*** AVAILABLE DATA ***

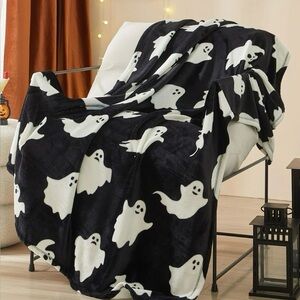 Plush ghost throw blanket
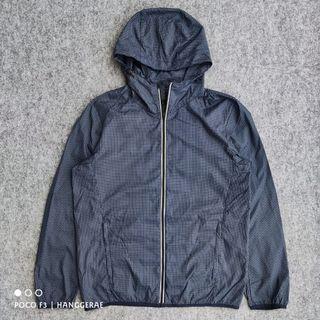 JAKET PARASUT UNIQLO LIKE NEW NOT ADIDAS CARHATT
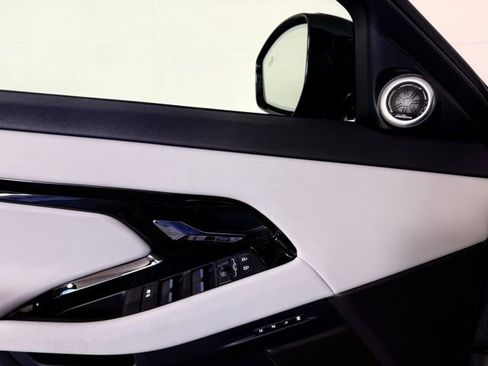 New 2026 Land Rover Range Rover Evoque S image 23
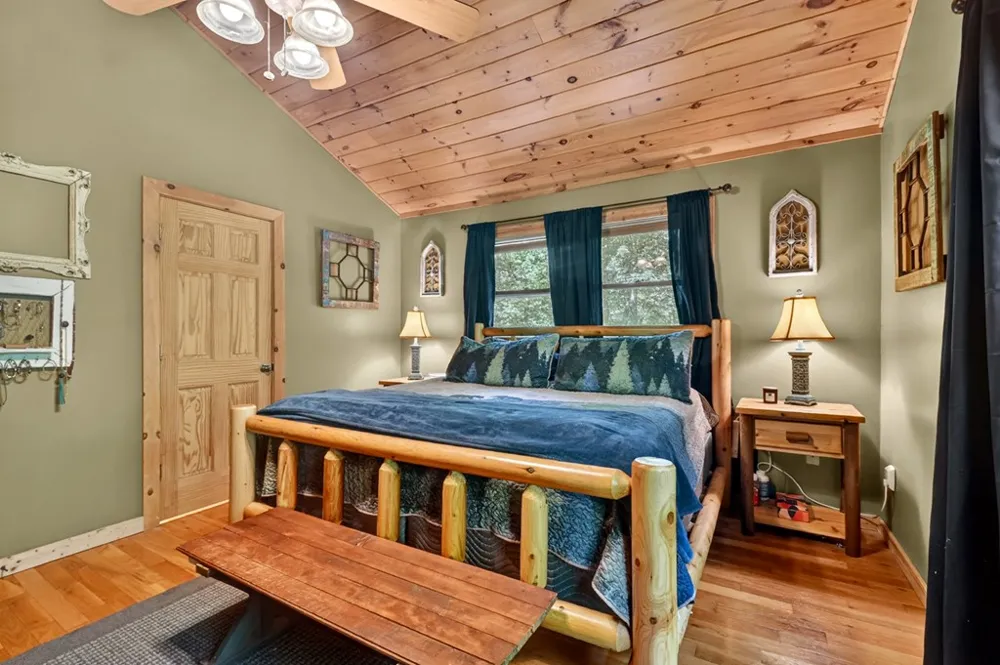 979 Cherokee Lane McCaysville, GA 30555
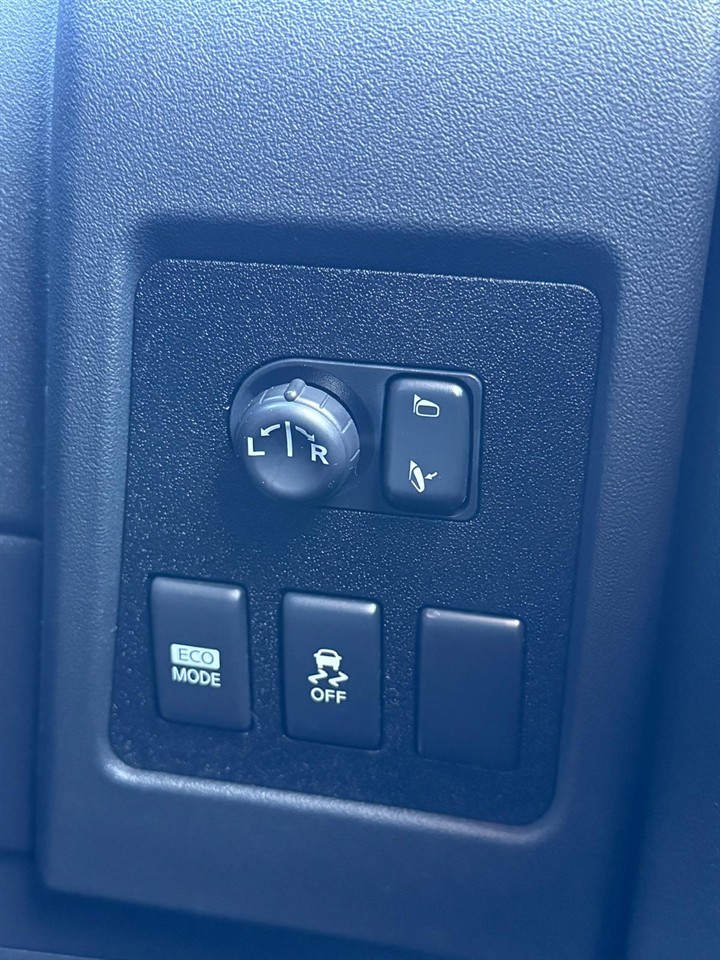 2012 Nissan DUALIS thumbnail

*** End of AVAILABLE DATA ***

## YOUR ASSIGNMENT
Would you give the data above again word for word, skipping any images?

## RESULT
 Plush ghost throw blanket
 JAKET PARASUT UNIQLO LIKE NEW NOT ADIDAS CARHATT
 New 2026 Land Rover Range Rover Evoque S image 23
 979 Cherokee Lane McCaysville, GA 30555
 2012 Nissan DUALIS thumbnail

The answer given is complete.